As a Data Scientist, you are expected to be able to build all sort of data products, that may involve simple-yet highly valuable business trends extracted through data querying and cleansing; and sometimes, more sophisticated Machine Learning algorithms for prediction, classification, or even recommendation. However, the cold start in a specific topic may be tough for Data Scientists, especially for those who have no experience with a domain-specific problem. Thinking for the very first time about what metric do you need, what is the correct feature engineering, choosing a baseline, and so on, maybe not an easy task.

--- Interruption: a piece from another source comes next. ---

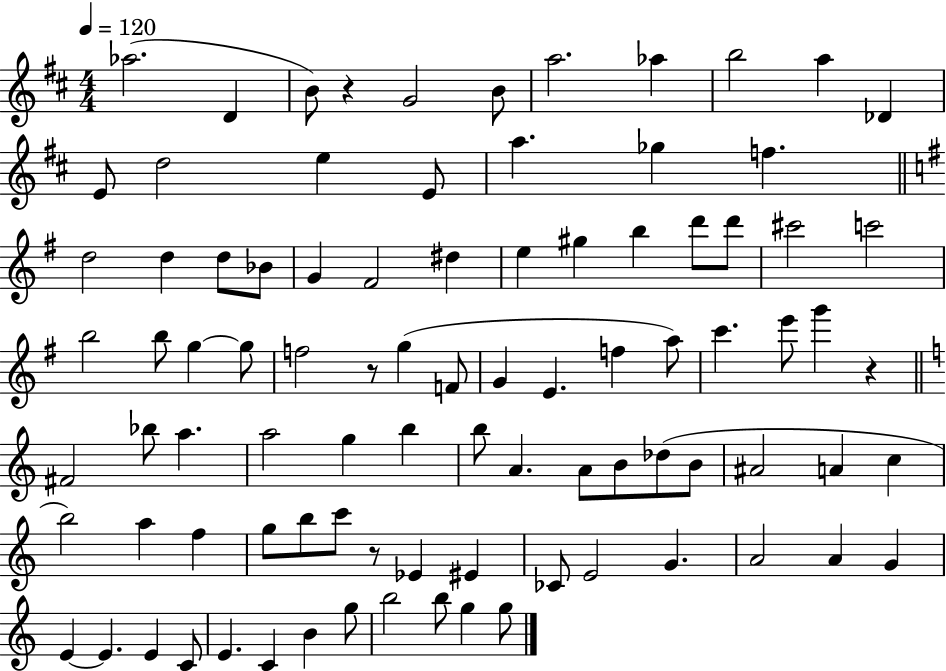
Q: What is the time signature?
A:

In this article, we answer questions related to the “What” and “How” in Recommender Systems, based on a real request from a colleague at BBVA who was interested in developing a complete RS product from scratch.
- What type of data do you have? And how large is it? Most likely, you will be dealing with implicit feedback datasets, in the form of clicks, views, listenings, purchases, etc. Let’s face it, the ratings era is over! Therefore, you will be trying to predict the preference of a user for a product, not the rating she would have given to it. Also, get a glimpse of the size of your problem: how many users and items are in your system? And how many interactions among them? In online services, users are typically in the order of hundreds of thousands to hundreds of millions, and items are in the order of thousands to millions. On average, users typically interact with tens of different products, so that the density of the rating matrix is in the order of 0.1-5%.But not all RS are that big and sparse! For instance, at BBVA we have built RS for financial products, which depending on how you phrase the problem, have a product catalog ranging from tens to a hundred of products. In this scenario, casting the recommendation problem as a multi-class classification problem might probably make a lot of sense as a first step. Similarly, when Spotify personalizes its landing page for you (the different lists that appear arranged in shelves), it does so by using a RS based on Multi-armed Bandits.
- Choose an offline metric. Do not use traditional classification metrics like the AUC ROC, since in RS we do not have complete knowledge about negative samples, and thus precision-oriented metrics are ill-posed. And never ever use RMSE with implicit feedback datasets (take a look to this excellent talk to understand why). Instead, focus on top-k ranking metrics, such as MAP, NDCG, and so on (take a look at this post to see how frequently each metric was used in 2017 RecSys Conference). Also, try to measure other important behaviors of the engine, aside from the relevance: diversity, novelty, popularity or coverage.
- Define a baseline and test it with public datasets. A simple popularity-based algorithm might be harder to beat than you think since, at the end of the day, something is popular because people like it. Also, nearest neighbors methods perform surprisingly well most of the time. Association rules might be another good starting point, and there are scalable implementations out there.
Matrix Factorization Algorithms are also a popular algorithmic choice, see for instance Spark’s Alternating Least Squares implementation. In addition, pair or list-wise methods (like Bayesian Personalized Ranking, aka BPR) have great acceptance within the RS community. However, several research articles in the last couple of years suggest that pairwise methods may perform worse than pointwise estimations in top-k metrics. As explained here, BPR optimizes the ROC curve, which does not necessarily imply improvements in ranking-aware metrics such as MAP or NDCG. In our experience, BPR-like methods tend to recommend popular items less frequently than their pointwise counterparts (which might be actually a good thing), concomitant to a drop on ranking-aware metrics. Speaking about how biased towards popular recommendations are different algorithms, you might want to have a look to our recent work, which shows how to effectively recommend items from the medium and long tail of the item catalog, without jeopardizing the relevance of the recommendation.
- Incorporate your business into the model. This is the most important part, and sometimes, the most forgotten one. Think hard about the specialties of your business. For instance, incorporating side information (such as product categories, user profiles, and so on) will boost the performance of your model. Is there any stationarity in your data, or any trend in the way ratings are collected? Try to make use of the graph of users and products, it hides a lot of information!
- A word of caution when using Neural Networks. Although Deep Learning has shown incredible success in several domains, the improvements observed in RS are still limited. Indeed, the main advantage of DL applied to RS lies in the incorporation of side information, not that much in the modeling of ratings itself. In that regard, they may become quite handy if you combine them with your domain expertise! Regarding pure rating modeling, user-based Autoencoders provide a more compact learning algorithm (fewer parameters) than traditional Matrix Factorization, and slightly improve metric performance when combined with Denoising techniques. On the other hand, Recurrent Neural Networks have a great potential in session-based RS, as well as the prediction of the next action. However, a recent study indicates that they are far from being really exploited (they perform similarly to k-NN methods in several cases).
There are many other topics to be covered here. For instance, the problems with the selection bias and how counterfactual analysis might help to prevent it, how to run A/B testing effectively, or how to incorporate the temporal dimension into your system. But we hope the above tips will give you a good starting point for running your first Recommender System!